Kevin Hegarty, UT’s executive vice president and chief financial officer, said the centralization will focus on services in the areas of finance, information technology, human resources and procurement. Currently, these services are offered through individual units within varying colleges and departments. Hegarty, who is the chair of the steering committee, said the elimination of 500 jobs will be made primarily through natural attrition and retirement.

The committee created the pilot subcommittee after a series of campus-dialogue sessions, in which members of the steering committee sought to receive feedback from the UT community. University spokesman Kevin Almasy said the pilot program would take place in small-scale University departments on a volunteer basis to accommodate for some of the apprehension voiced in dialogue sessions. 

“As campus dialogue progressed, it became clear that there was an understanding for the rationale behind Shared Services, but that there was not a willingness for campus-wide implementation,” Almasy said.

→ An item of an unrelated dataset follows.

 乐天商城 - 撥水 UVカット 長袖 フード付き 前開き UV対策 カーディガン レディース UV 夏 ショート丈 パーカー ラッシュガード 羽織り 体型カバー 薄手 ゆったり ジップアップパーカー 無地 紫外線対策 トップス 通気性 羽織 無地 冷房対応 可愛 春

At the last Faculty Council meeting in December, a pair of professors introduced a resolution calling for “the immediate suspension of pilot Shared Services implementation.” The resolution, which was co-authored by Dana Cloud, associate communication studies professor, and associate English professor Snehal Shingavi, supported the suspension of further implementation of the plan until more data is produced about the effects of the Shared Services Plan. The council did not vote on the resolution.

“Shared Services is expensive and risky,” Cloud said in an Opinion column she co-authored for The Daily Texan. “The proposal presents no measures of likely success or failure. We urgently need a transparent discussion of the plan’s risks.” 

Associate vice president Mary Knight, a member of the steering committee, said she understands the cautious attitude some individuals on campus have regarding Shared Services.

“There’s still skepticism, and we understand that,” Knight said. “I think it’s healthy for people to be skeptical because they’re going to provide good questions, and we’re going to have to figure out answers to those good questions.”

“I think one thing that some people are not thinking about is the plan that we are on, and that we’ve been on for the last handful of years,” Hegarty said. “We have been, as I’ve told the campus, not filling positions and not laying people off, but that is the future, if we do nothing. We will reach a point where we will have to start laying people off.”

Almasy said the committee intends to submit a final copy of their plan to President William Powers Jr. in February for him to review. 

Editors' note: This news story has been corrected to reflect the fact that Cloud co-authored an Opinion column, not an editorial, in the Texan.